January 23, 2026
The Path Forward For The Health Insurance Industry

Almost all of my colleagues in the health insurance industry believe they are promoting affordability and access to care.

It is clear that what the health insurance industry believes about itself matters little to an angry public whose bitter outrage was unmasked following United Healthcare CEO Brian Thompson’s senseless killing.

They are outraged that health insurers pay inadequately for needed services.

They are outraged that health insurers deny or delay necessary services in pursuit of profits.

And they and their doctors are outraged and fatigued by the non-stop battle with insurers to obtain coverage for what they need to live.

How we got here requires a complicated tour of the history of U.S. healthcare policy—but “how” matters little right now. What’s clearer than ever is that health insurers need to quickly rebuild trust with the American public.

From where will this trust come? It starts with ending the denial. And saying out loud: “we messed up.”

Health insurers messed up when they started selling high-deductible insurance plans that turned patients into consumers and told them that they needed “skin in the game.”

Health insurers messed up when they carelessly introduced unnecessary delays to care and ignored plan enrollees’ personal circumstances.

Health insurers messed up when they stopped working as patients’ advocates when they faced life-altering medical conditions and instead washed their hands of responsibility.

And, more recently, they messed up when they stood behind tired industry talking points—or said nothing at all—when people needed an acknowledgment of their suffering and pain.

The healing must begin with saying out loud what every aggrieved person needs to hear when they have been wronged: “we are sorry.”

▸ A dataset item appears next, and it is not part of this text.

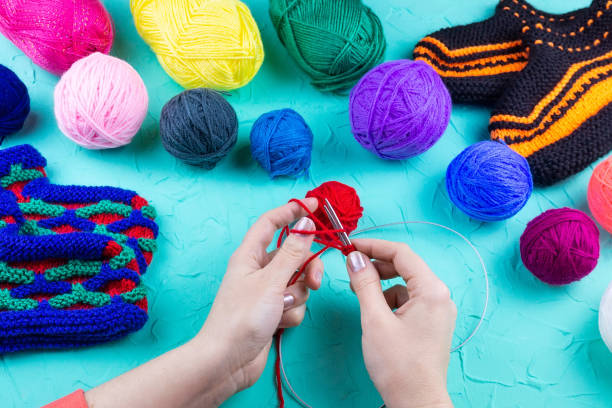 istock girl knits sock knitting needles 1125720090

When people like me who work in health insurance set out on their professional journeys, they often did so with an eye toward making things better for people. But, along the way, our Frankenstein healthcare system took them in directions they individually or collectively never wanted to go.

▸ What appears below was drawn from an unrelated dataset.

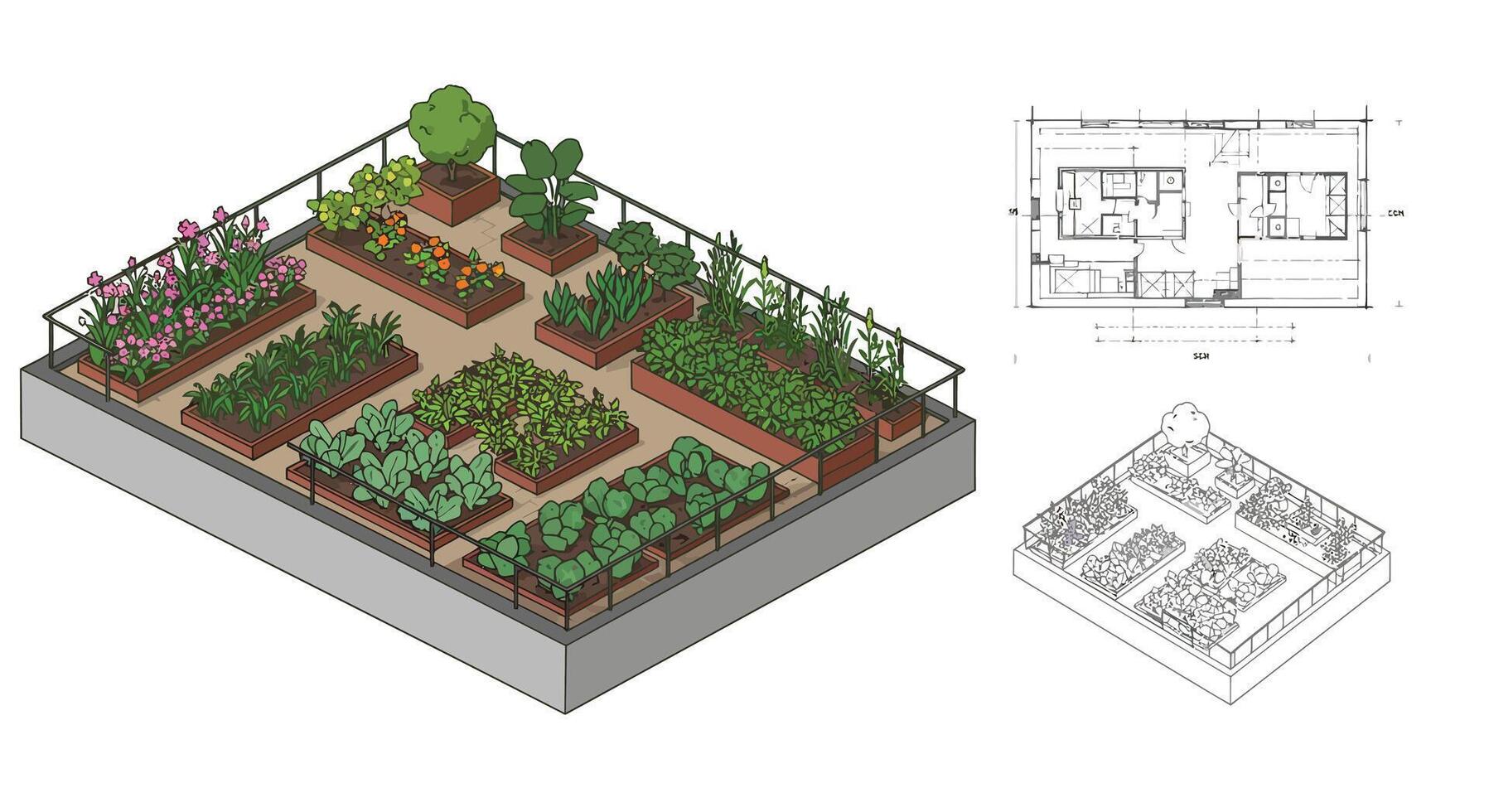 Detailed garden layout design featuring plants and vegetables in flat art vector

And they must make things better—quickly.

A first place to start is to dramatically improve patients’ everyday experience of care.

When they need help—in the form of an authorization or a referral—health insurers must act not in the days or weeks that have become “normalized” but instead act with the real-time urgency that a patient feels when their life is in the balance. Too many people feel like their insurer stands between them and a necessary or life-saving treatment.

And that’s wrong.

While there is justified skepticism about artificial intelligence being used to deny coverage, it can help enable approvals to help facilitate care in the moment that it is needed.

A second opportunity is delivering more transparency.

At every step of the way, U.S. healthcare confuses and obfuscates. The fear of surprise medical bills and uncovered services has become a harmful deterrent for people seeking medical care. Members of my own family will, on occasion, delay necessary care because, like millions of Americans, they are afraid of the bill they might face on the other side.

To regain the trust that health insurers and health systems have both depleted, both groups must partner to give people greater transparency into the true expenses that they face at the point of service and stand by it. The price transparency rules implemented in 2021 were a step in the right direction—but there is more work to do to make this information simpler, more consumer friendly, and more reliable. Absent such transparency, we are failing at the most basic imperative of any business that none of us would tolerate in any other context: telling you what something costs before you buy it.

A third opportunity is a greater focus on prevention and chronic disease management.

Health insurance companies manage costs through negotiating prices on services. But what if people needed fewer services in the first place because health insurers succeeded at keeping patients healthy?

The science of chronic disease management and prevention has advanced considerably. And yet health insurers—including federally funded Medicare and Medicaid—routinely pay more to manage the costly complications of chronic disease than primary care that is focused on preventing those complications.

How different would our national burden illness be if health insurers thought more about long-term health and well-being than annual actuarial cycles? Because coverage is tied to employment and people turnover employers rapidly, this has been difficult to execute on. The health insurance industry’s policy advocacy should be focused on long-term enrollment and portability of coverage so that they can invest more deeply in your health.

A final opportunity is to more authentically commit to being who they say they are.

Health insurers say they simplify your healthcare experience and often fail to do so.

They say they care for you as a “whole person” but create discontinuities in your care.

They say they work as your advocate, but people have to sometimes fight them every step of the way.

Every industry has self-perpetuating narratives and apocryphal stories of societal impact.

In the wake of the events of the last few month, it’s time for U.S. health insurance companies like mine to acknowledge that our narrative is tired and broken.

And to say out loud what everyone needs to hear right now: we are sorry and we can and will be better.